第8話 そろそろ配信はじめる?

 ダンジョンでの戦いを終え、ドロップアイテムとして宝石のルビーと回復薬のエリクサーを手に入れた俺とサリナはルビーと魔物を倒して手に入れた魔石を換金するためにダンジョンを出てすぐ近くの場所にある換金所に来ていたのだが、今、目の前でとんでもない光景が広がっている。


「え、これって……夢?」

「俺も夢な気がしてきた」


 どうして俺たちがこのような反応になってしまっているのかと言うと、換金してもらうためにルビーと魔石を換金所の職員に渡したのだが、魔石が10万円で、ルビーがなんと500万円で換金されたのだ。


 確かに高い値段で換金されるとは思っていた。だけど、まさかここまで高額になるとは思いもしなかった。というか、誰が想像できただろうか。

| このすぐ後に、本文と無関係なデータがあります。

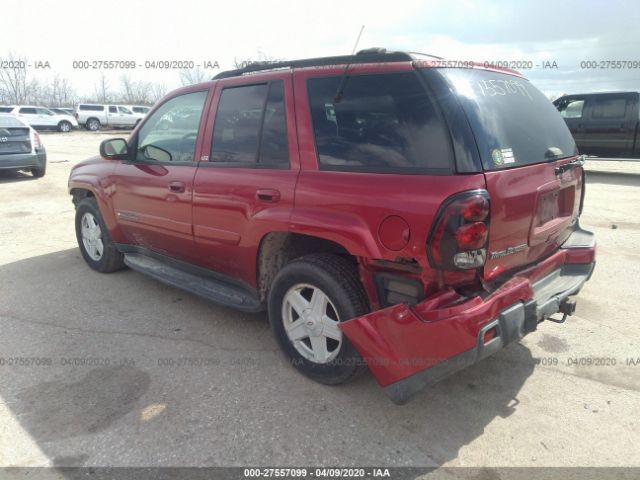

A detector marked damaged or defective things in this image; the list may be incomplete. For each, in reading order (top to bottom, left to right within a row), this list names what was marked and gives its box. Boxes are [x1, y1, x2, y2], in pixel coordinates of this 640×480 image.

broken bumper cover [340, 227, 596, 404]
damaged rear bumper [340, 227, 596, 404]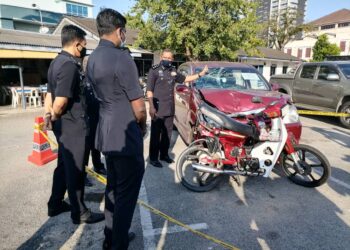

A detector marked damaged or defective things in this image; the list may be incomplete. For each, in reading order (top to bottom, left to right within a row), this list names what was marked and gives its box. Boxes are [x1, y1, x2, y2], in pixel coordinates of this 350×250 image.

damaged red car [174, 61, 302, 145]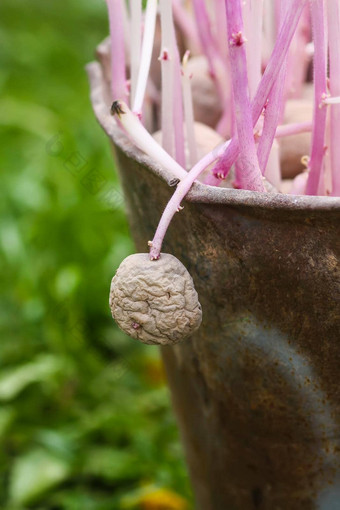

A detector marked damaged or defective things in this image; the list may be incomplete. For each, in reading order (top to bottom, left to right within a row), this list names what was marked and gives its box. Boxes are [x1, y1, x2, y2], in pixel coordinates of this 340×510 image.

rusty metal bucket [87, 53, 340, 508]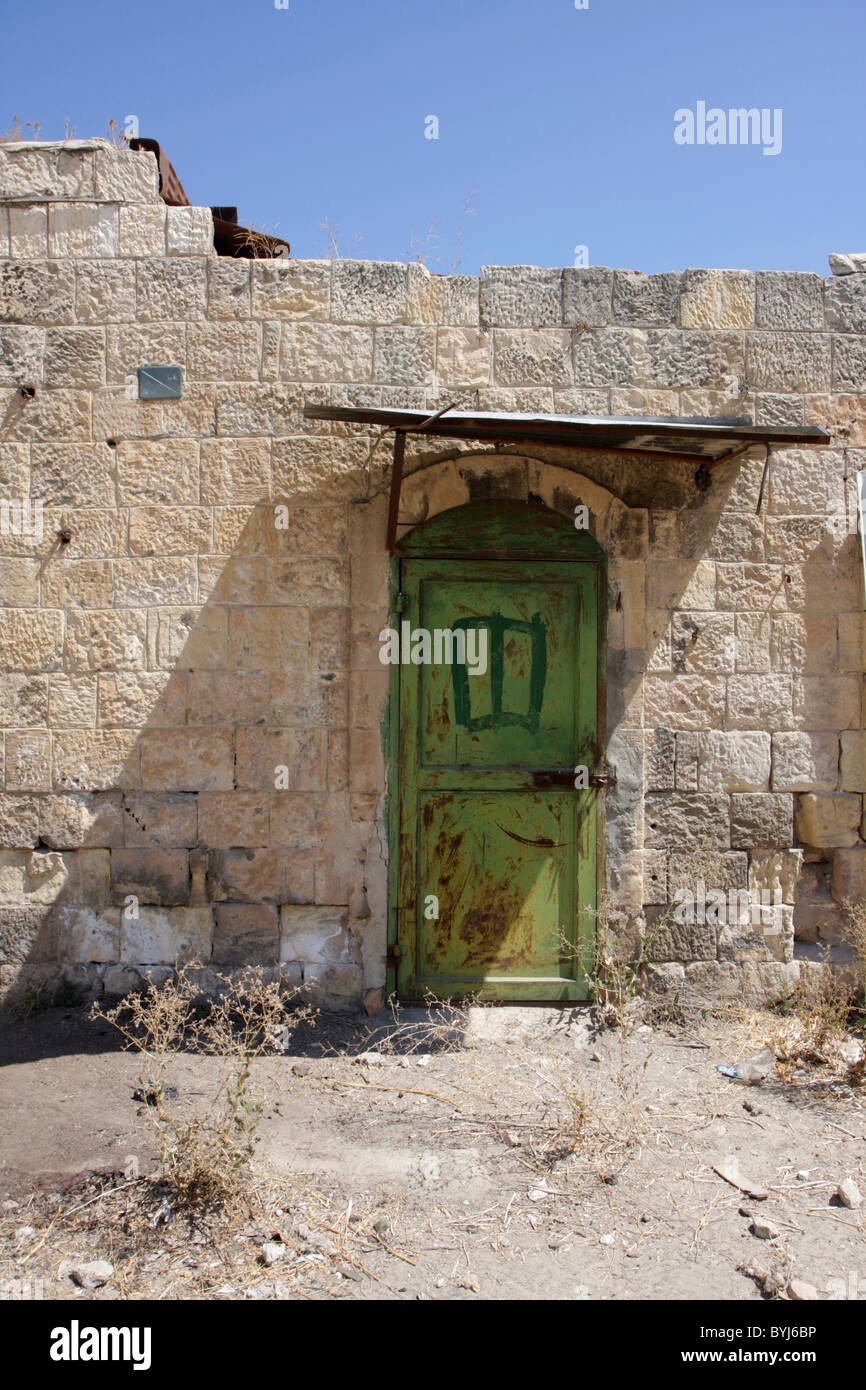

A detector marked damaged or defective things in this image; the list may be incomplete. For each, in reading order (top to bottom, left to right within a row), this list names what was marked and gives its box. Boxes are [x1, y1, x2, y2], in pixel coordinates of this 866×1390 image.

「それではこちらがルビーの500万円と、魔石の10万円の合計510万円になります」


 職員が510万円の現金を俺たちに差し出した。

 そこでようやく夢じゃないんだと気づいた。


「ユウくん……」

「うん、これ現実だ……」


 動揺しつつもその510万円を受け取り、俺たちはその場を離れ、一旦俺の部屋に戻った。


「これ、どうする?」

「半分ずつ分けるんじゃないの?」

「でも、ミノタウロスを倒したのはユウくんだからユウくんの方が多くもらうべきだよ」

「いや、あれはサリナが時間を作ってくれなかったら倒せなかったんだからやっぱり半分にすべきだよ。何ならサリナが多くもらうべきだよ」

「さすがに私の方が多くもらうことはできないよ。わかった。それじゃ半分ずつ分けよう」


 俺たちは換金した510万円を255万円ずつ分けた。

 まさか急にこんな大金を手にすることになるとはな。


「とりあえず、換金も済んだことだし何か食べに行く?」

「うん、そうだね。まだ動揺しているけど、とりあえず何か食べながら心を落ち着かせよう」

「よし、決まりだね」


 俺たちは近くのレストランへと足を運んだ。

 普段の俺なら絶対に行かない少しお高めのレストランに。


*****


「うお~、凄い! こんなレストラン初めて来たかも!」

「ふふっ、ユウくんがこんなにはしゃぐことってあるんだね。かわいい」

「そりゃあ、こういうところ行く機会なかったからね。サリナはやっぱり仕事関係で行くことあるの?」

「そうだね。たまに行くこともあるけどそれでもあまり行かないから、私も楽しみ」


 俺たちはレストランに入ると案内された席につく。

 もちろんダンジョンにいた時の服装ではなく、ちゃんと着替えてから来たのだがこういう場に来るのに慣れていないせいで周りの視線が俺たちに向いているような気がしてならない。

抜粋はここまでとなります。